Quote the records that follow in full and exactly; leave out the pictures.

>>>>>

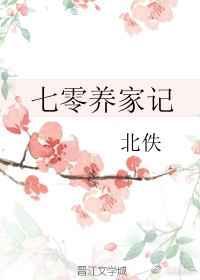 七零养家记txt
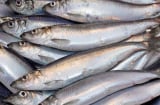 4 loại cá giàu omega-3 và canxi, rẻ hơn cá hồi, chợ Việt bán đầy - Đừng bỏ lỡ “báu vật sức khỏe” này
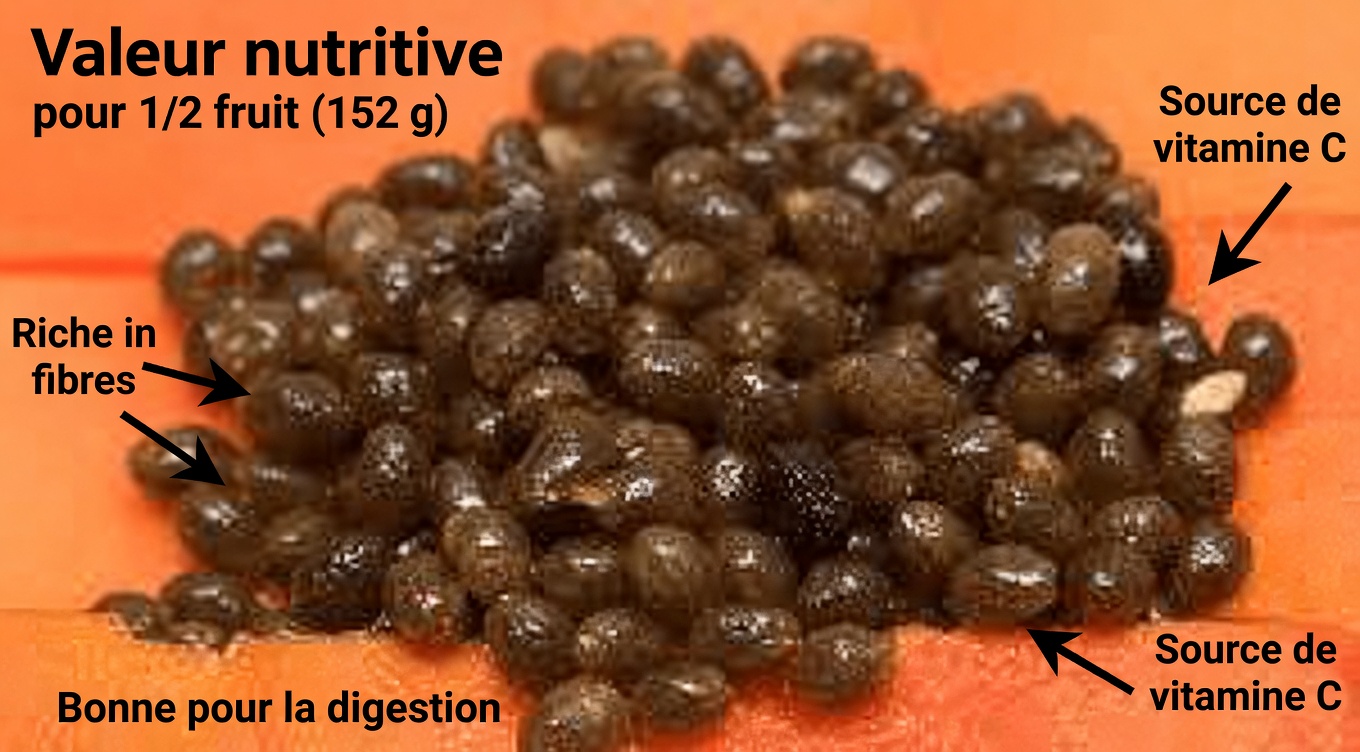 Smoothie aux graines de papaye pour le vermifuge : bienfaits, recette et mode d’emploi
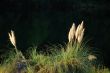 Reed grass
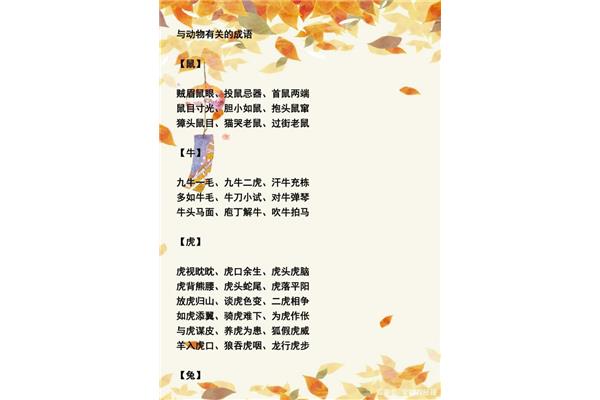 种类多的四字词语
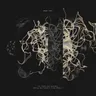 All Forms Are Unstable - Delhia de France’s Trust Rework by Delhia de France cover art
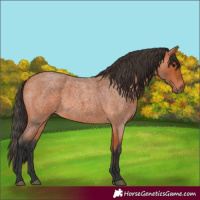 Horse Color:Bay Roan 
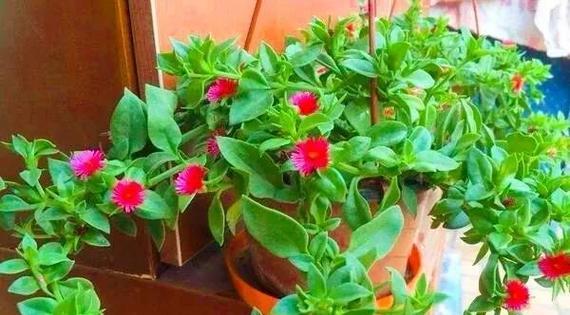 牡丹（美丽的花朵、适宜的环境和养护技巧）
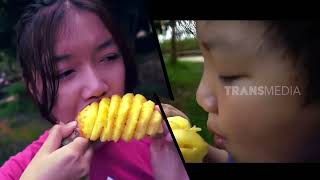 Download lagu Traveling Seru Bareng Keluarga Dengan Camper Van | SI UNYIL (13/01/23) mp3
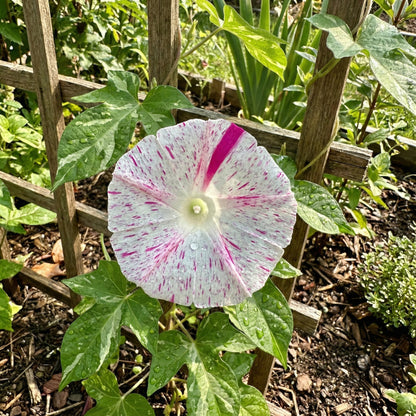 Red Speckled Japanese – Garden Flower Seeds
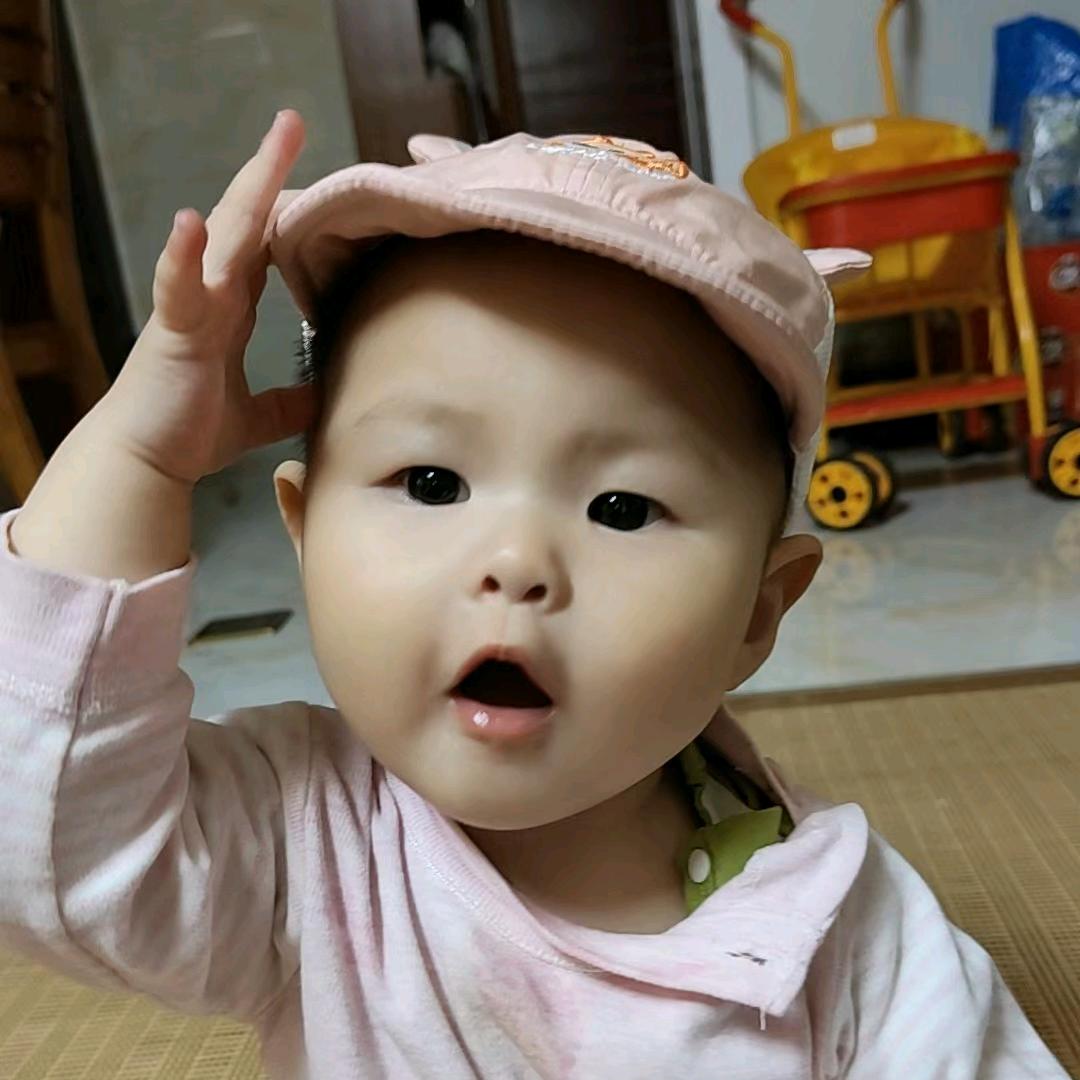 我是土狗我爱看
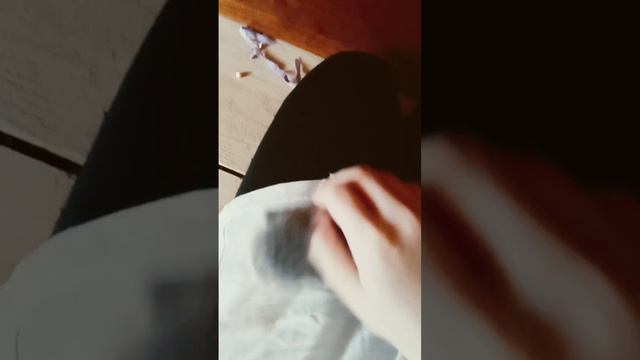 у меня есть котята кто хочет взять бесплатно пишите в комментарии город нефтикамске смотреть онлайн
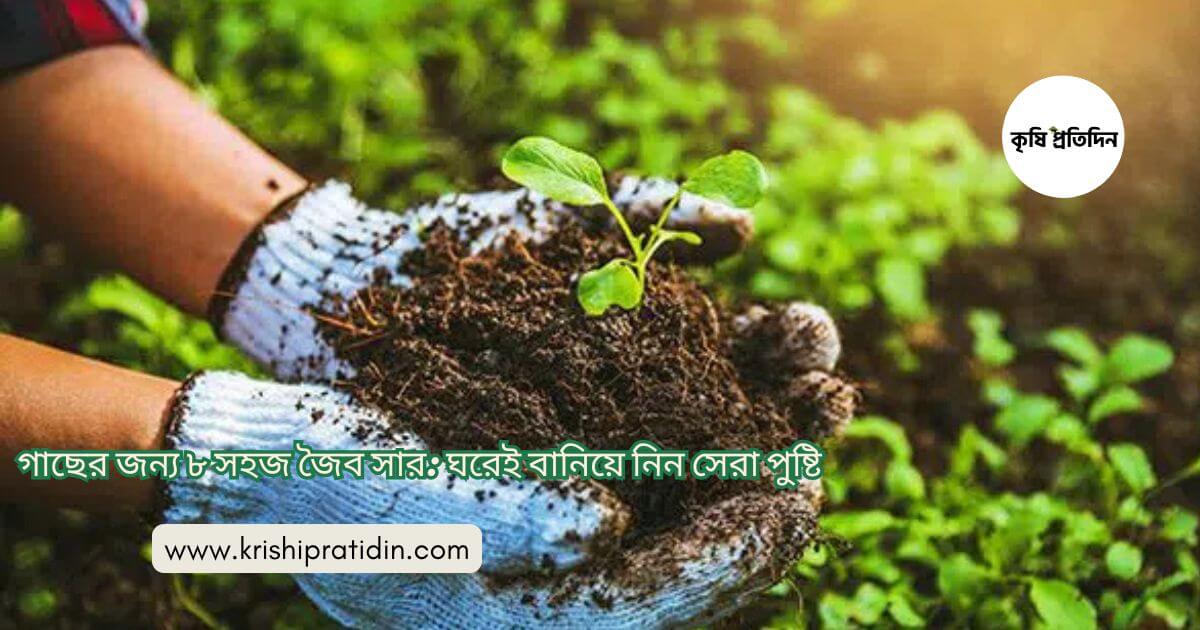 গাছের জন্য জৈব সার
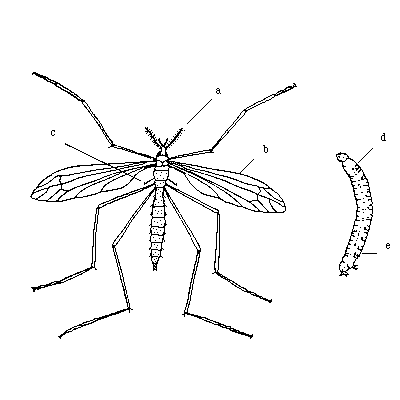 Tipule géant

<<<<<

_SOLUTION TO THIS EXERCISE_
 七零养家记txt
 4 loại cá giàu omega-3 và canxi, rẻ hơn cá hồi, chợ Việt bán đầy - Đừng bỏ lỡ “báu vật sức khỏe” này
 Smoothie aux graines de papaye pour le vermifuge : bienfaits, recette et mode d’emploi
 Reed grass
 种类多的四字词语
 All Forms Are Unstable - Delhia de France’s Trust Rework by Delhia de France cover art
 Horse Color:Bay Roan 
 牡丹（美丽的花朵、适宜的环境和养护技巧）
 Download lagu Traveling Seru Bareng Keluarga Dengan Camper Van | SI UNYIL (13/01/23) mp3
 Red Speckled Japanese – Garden Flower Seeds
 我是土狗我爱看
 у меня есть котята кто хочет взять бесплатно пишите в комментарии город нефтикамске смотреть онлайн
 গাছের জন্য জৈব সার
 Tipule géant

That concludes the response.